From one generation to another

Two bryte havrekaker on a rainbow plate.

These decadent yet delicate bryte havrekaker will satisfy you for a mid-morning coffee snack or dessert. Photo: Daytona Strong

Outside Oslo’s Daytona Strong reflects on sharing tradition in the kitchen

Sometimes it’s a grandmother’s wedding ring, other times a great grandfather’s Bible inscribed with handwritten notes about special dates. When it comes to family relics – those items that carry with them the legends of generations past – the object is not what matters so much as the intangible representation of those who came before us. In my family, we certainly have those physical items – a box of my late Grandma Agny’s yet-to-be-sorted jewelry, a sugar and creamer set my great-grandmother gave Grandma Adeline when she was young, for example – but it is the recipes that I treasure most.

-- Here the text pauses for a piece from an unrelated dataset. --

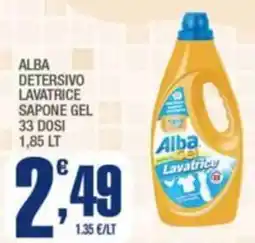 Splendidi e Splendenti Alba detersivo lavatrice sapone gel 33 dosi offerta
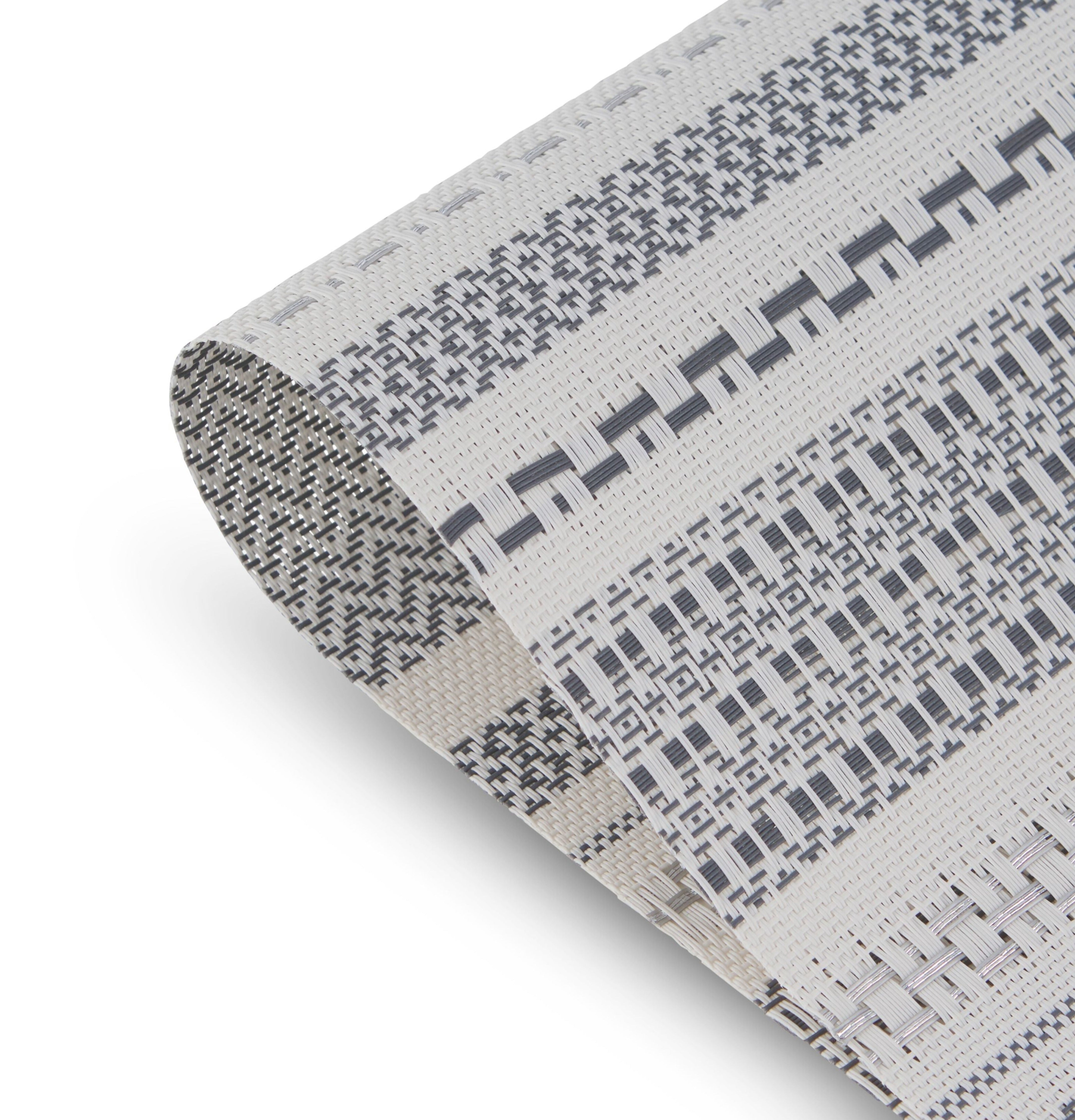 Dainty Home Maya Woven Texteline Textured Design Reversible 12" x 18" Rectangular Placemats Set of 6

The words – lists of ingredients, directions, notes – contain so many beloved experiences of times with family and friends, even if the memories were those from generations past. I never tasted a molasses cookie made by my great-grandma Josephine, for example, but I have her recipe, and I can imagine her stirring up the batter, putting the cookies in the oven and waiting patiently as they baked, then pulling the sheet carefully out of the oven as the spicy sweet aroma spilled out and permeated the air. Perhaps her black-and-white cat, Months, rubbed up against her legs, asking for food, while she stood at the oven, opening the door ever-so-briefly to check on the cookies’ progress.

Now, three generations later, I’m baking those cookies, and as I write this I have a batch in my kitchen, baked recently with my mom and grandma – Josephine’s daughter. I’m creating my own memories with Great-Grandma Josephine’s recipe, ones that I will always cherish.

Similarly, I just baked a batch of Grandma Agny’s Bryte Havrekaka for the first time earlier this month and am wondering what sort of experiences she associated with those cookies. I found the recipe in an old church cookbook, and it’s one of the few recipes of hers that I have. The instructions are limited, not specifying what kind of oatmeal to use or what temperature to use or how long to bake the cookies. But that’s part of the beauty of it; Grandma knew the fundamentals of cooking and didn’t need to bother with the details. I see the same thing when I bake with Grandma Adeline: Her recipes are often little more than a list of ingredients, and even though she hasn’t been baking regularly on her own for years, it all comes back to her when we’re together.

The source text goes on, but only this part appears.